Ramona led us through the history of white invasion and genocide that had taken place where we sat and within broader Minnesota. She stressed the importance of education, and what it means to share Indigenous knowledge and histories, describing how much of Indigenous history in the U.S is taught in a way that removes the social, geographical, and temporal sovereignty of Indigenous communities. In stark contrast, the teaching I received on Tuesday offered a unique sense of here-ness and present-ness that put the histories of Minnesota in a place that was impossible to misinterpret, and unlike any indigenous educational opportunities I had received in the past. Where we were sitting was a space of unbelievable joy, beauty, pain, welcoming, and suffering that was occuring right then and there. 

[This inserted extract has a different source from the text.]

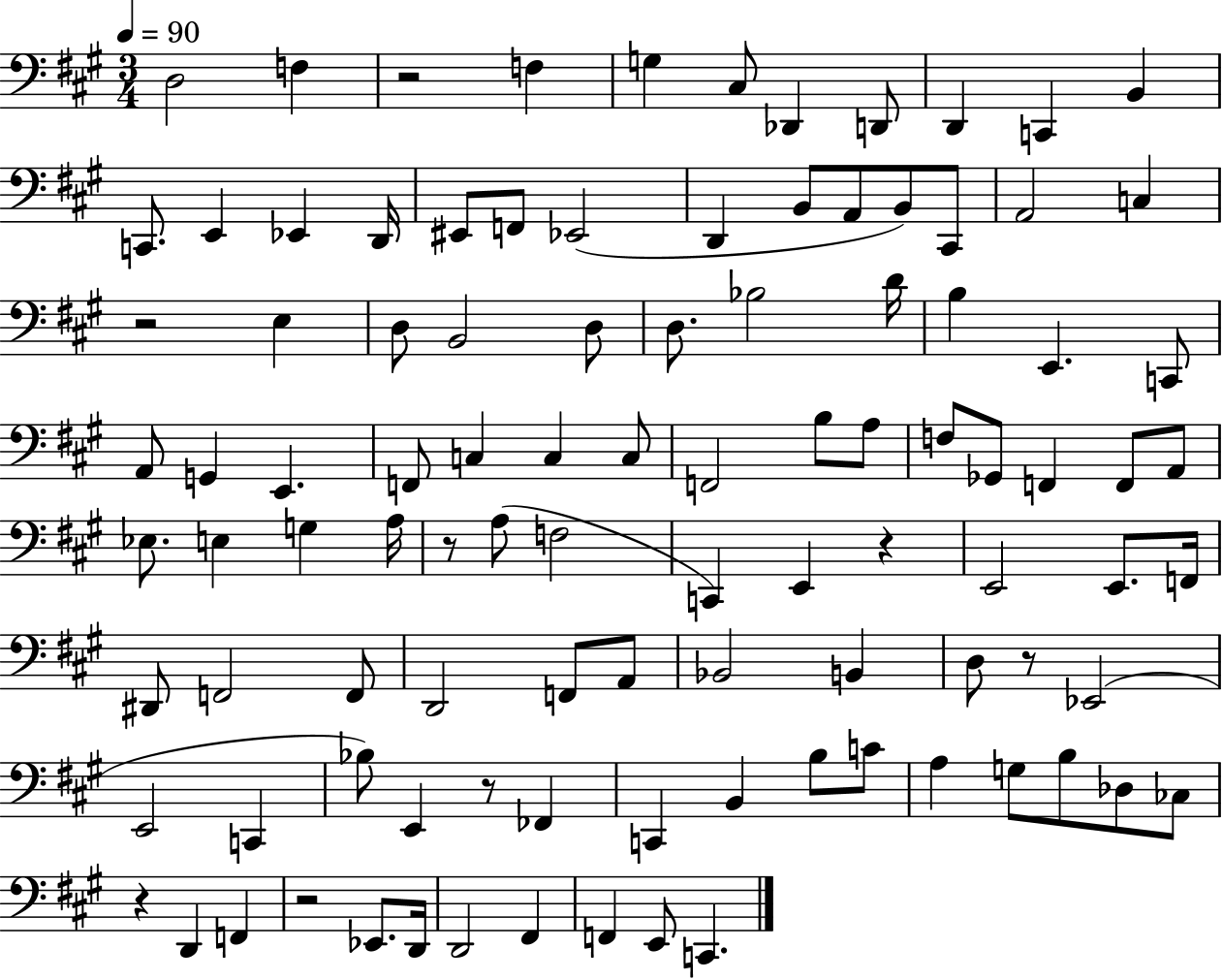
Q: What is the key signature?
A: A major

As I was coming to understand, the Mississippi and Minnesota rivers offer a vast history that will be forever fully unknowable to me, but in that time on the tour, we were given the opportunity to be with our lack of knowledge and rely rather on what Ethan would later describe as the knowledge of ghost. The knowledge of ghost speaks to our sixth sense of energy and emotion, and an ability to learn. Ethan asked that we attempt to understand the space around us not only through conventional tools of understanding, but through an empathetic approach to space that put one’s self in the center of observation, avoiding an idea of objectivity in our observation. This concept did not come easy to me, as I am tied to a colonial understanding of space through my ancestry and actions that has shaped how I create and cultivate places. This understanding contradicts my knowledge of ghost. Ramona described how colonial society places a weakness on the lack of knowledge—whereas in Dakota culture, as Ramona tells us, this is one’s power in life. In this way, I found I was able to sit in my discomfort and learn.

The road that took us towards the bdote wound through wetlands and sparse trees that filtered white sunlight into a golden glow that illuminated the fall foliage.

This conflict of observational processes and ways of thinking have led to centuries of invalidation of Indigenous science, which, as mentioned many times by Ethan, has proved again and again to offer observations that put one in harmony and understanding of our world, as well as in our cosmology.

At the end of our tour, Ethan asked us to ask ourselves:
Who am I?
Where am I from?
Who are my people?
What is my dream?

On my bus ride home, I thought about these questions. I imagine myself sitting in a sun-dappled, warm river of those things—my name, where I am from, my people, etc., a river of self. As well as that, I imagine myself sitting in a cool river of knowledge, on a seat of smooth stones. In the passing water was the knowledge that had been given to me by those teachers. Sitting in both rivers at once, at a convergence, I am able to recognize not only the importance of my own agency in the listening and telling, but of the teachers that both listened and told, a space that contained vast and equal importance in every facet of a story, a confluence that was both teacher and student, both warm and cool.

I have been afforded a landmark opportunity to confront my being in the space I reside upon. I am eternally grateful for these teachers: Tia, Ramona, Ethan, the River as catalysts for understanding my story as a story of displacement, me and the river are one in the same. I am not bound to my process of understanding, and the river is one of countless teachers that guide in the ever laborious process of change. I have an immeasurable amount of colonial infrastructure that defines my existence in the space I am in and the way I act that must change.